After months of postponements, the crisis-ridden NASA lunar mission "Artemis 1" departed on Wednesday for a first test launch. The unmanned capsule "Orion" took off with the "Space Launch System" rocket from the Cape Canaveral spaceport in the U.S. state of Florida, as could be seen on live images from the U.S. space agency NASA. For about three weeks, "Orion" is to travel in an orbit around the moon before the capsule is expected back on Earth on December 11.
So far, the mission has not been under a good star: After delays and cost explosions in development and construction, the first test launch has already had to be postponed numerous times, among other things because of two successive storms and various technical problems.
The "Artemis" program, named after the Greek goddess of the moon, is supposed to land U.S. astronauts on the moon again in the coming years, including for the first time a woman and a non-white person. The mission will initially take four astronauts into lunar orbit on "Orion," where two of them will transfer to a lander for the final approach to the moon. The launch is currently planned for 2025 at the earliest. A rover is also to go along.
No humans on board for "Artemis 1" test mission
In addition, outposts are to be built on the moon and in its orbit, also as a base for a later Mars mission. The European space agency Esa and the space agencies of several other countries are also involved in the project, which currently costs around $30 billion.
NASA put the last humans on the moon in 1972 with the Apollo 17 mission. The USA was the only country to put twelve astronauts on the moon with the "Apollo" missions between 1969 and 1972.

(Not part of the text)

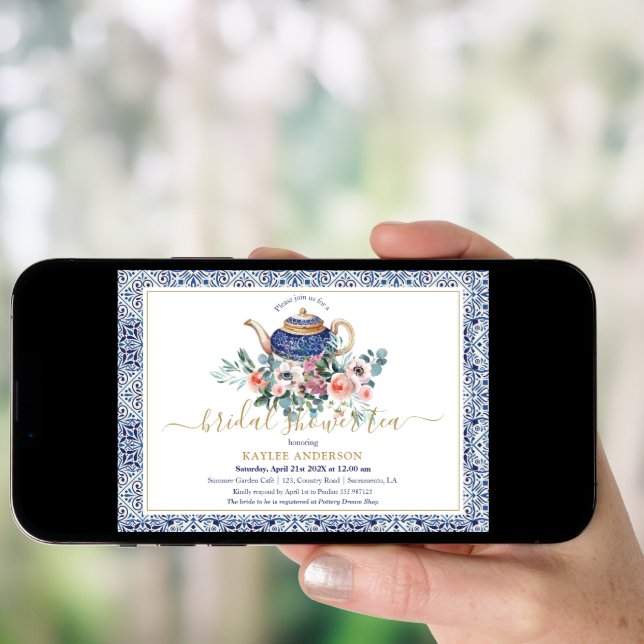  Blue tiles Bridal Shower tea invitation card (Front Digital)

The "Artemis 1" test mission does not yet have any humans on board, but it does have two dolls - or "astronaut phantoms," as the German Aerospace Center (DLR) calls them: Zohar and Helga. This is a project with German and Israeli participation. The test is whether a protective vest developed in Israel can effectively protect a female body in particular from dangerous space radiation. "Both phantoms survived the pre-launch waiting period well thanks to a sophisticated power-saving strategy," DLR said. "Helga and Zohar are fit for the flight."